## What to work on
From the entries below, reproduce exactly the lines from the one with "Shaded relief map" through the one with "Eastvolt 800W impact", both included, without images.

## Data
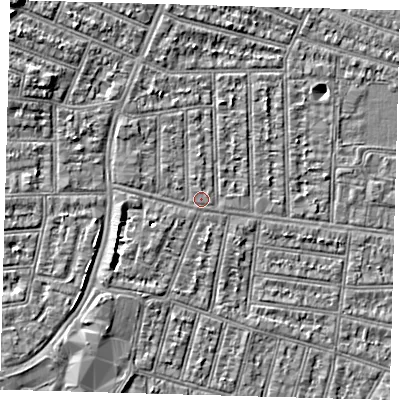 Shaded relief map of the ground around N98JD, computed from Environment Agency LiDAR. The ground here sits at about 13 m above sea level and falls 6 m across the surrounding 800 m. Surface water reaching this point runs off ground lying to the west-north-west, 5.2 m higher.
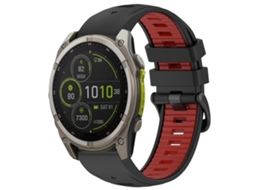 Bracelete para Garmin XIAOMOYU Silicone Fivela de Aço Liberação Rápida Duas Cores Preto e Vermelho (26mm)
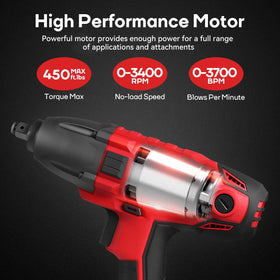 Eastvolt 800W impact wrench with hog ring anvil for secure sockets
---
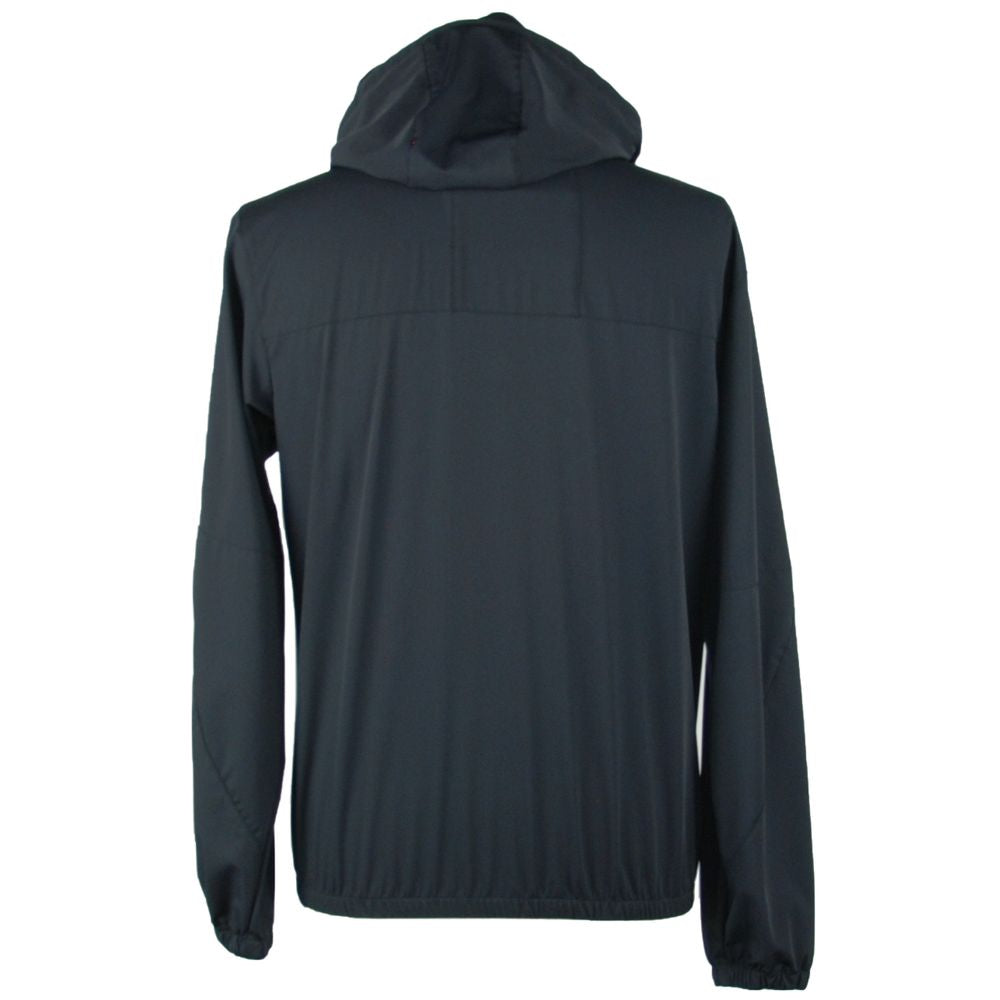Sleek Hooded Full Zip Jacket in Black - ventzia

## Exercise solution
 Shaded relief map of the ground around N98JD, computed from Environment Agency LiDAR. The ground here sits at about 13 m above sea level and falls 6 m across the surrounding 800 m. Surface water reaching this point runs off ground lying to the west-north-west, 5.2 m higher.
 Bracelete para Garmin XIAOMOYU Silicone Fivela de Aço Liberação Rápida Duas Cores Preto e Vermelho (26mm)
 Eastvolt 800W impact wrench with hog ring anvil for secure sockets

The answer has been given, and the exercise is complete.